Rabbi Marc Schneier, president of the Foundation for Ethnic Understanding, and Imam Shamsi Ali of the Jamaica Muslim Center met with Muslim students at College of New York’s Lehman College and Jewish students from Baruch College, John Jay College and Pace University, according to CBS News.
The two also appeared together on an interfaith panel on Friday.
Since the start of the war, there have been reports of increased antisemitism and Islamophobia on college campuses.
The Council of American-Islamic Relations issued a statement encouraging universities to address a “sudden surge in reports of abusive and discriminatory behavior and express support for students of all backgrounds, including Muslims and Palestinians.”
The Anti-Defamation League also issued a statement calling for “universities to distance university leadership from dangerous, antisemitism rhetoric” and urged for “campus leadership to proactively use all tools at their disposal to ensure that there is a safe and welcoming campus climate for all.”
In this climate where Jewish and Muslim students are feeling unsafe on campus, Rabbi Schneier and Imam Ali have acted to build bridges on campuses.
“We feel as religious leaders in our communities, both communities, Jewish and Muslims, we feel a sense of responsibility to bring together students,” Imam Ali told CBS News.
“In the midst of this raging war in Gaza, we cherish our freedoms to protest and demonstrate, but we cannot cross the line when it comes to violence, when it comes to intimidation, when it comes to harassment, when it comes to confrontation,” Rabbi Schneier said to CBS News.
Both faith leaders said they will continue their efforts to promote peace and understanding on college campuses. “Compassion, advancing human dignity, respect for justice, that’s what we want,” Imam Ali told CBS News.
On Friday, MSNBC’s “11th Hour” show hosted Rabbi Schneier and Imam Ali, so that the pair could talk about how they’ve been trying to build bridges on college campuses.
Rabbi Schneier and Imam Ali met when a news network hosted a segment after the death of Pope John Paul II. Both of them were on the panel 20 years and this meeting led to a strong friendship between the two that has carried over into their work to build better relationships between Jews and Muslims, Rabbi Schneier said.
One of the ways the rabbi and imam have been able to build these bridges of friendship and understanding is recognizing their similarities are finding common ground.
“One of the ways to come together is realizing that we, Jews and Muslims, do not only have a common faith, but, in fact, we have a common fate, destiny,” Imam Ali explained.
“... Islamophobia and antisemitism are just two sides of the same coin,” Imam Ali continued.
Their 20-year friendship and work together led them to gather students from New York City public colleges to talk about what they have been experiencing.
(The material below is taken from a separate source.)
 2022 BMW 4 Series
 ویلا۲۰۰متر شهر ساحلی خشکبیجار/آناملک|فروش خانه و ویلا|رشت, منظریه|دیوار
Their initial visits to speak with a few students has turned into the pair being invited to go to every CUNY campus from one borough in the coming weeks, Rabbi Schneier said.
Rabbi Schneier said that their message on college campuses has been simple: “We can agree to disagree without being disagreeable.”
“We must challenge ourselves to build these relationships, Jewish and Muslim, because we are really on the same boat. We have even more commonalities. As the rabbi said, we can disagree, we can agree to disagree without being disagreeable,” Imam Ali said.
As the rabbi and imam have talked to students on campus, Rabbi Schneier said that he was heartened to hear Muslim students express that they did not support Hamas. “Hamas doesn’t represent the aspirations of the Palestinian people,” he said.
Rabbi Schneier said during this time, “we must turn to great American Muslim leaders” who can help protect the Jewish people.
“That is our commitment,” Imam Ali said. “For me, antisemitism is my fight. As he (Rabbi Schneier) has taken Islamophobia as his fight. We advance our common humanity. That in spite of the existing differences we have, we have even more in common.”
“At the end of the day, we are all human beings,” Ali continued. “We deserve dignity. We deserve respect. We deserve peace — reconciliation.”
Correction: A earlier version of this story misspelled the name of Rabbi Schneier.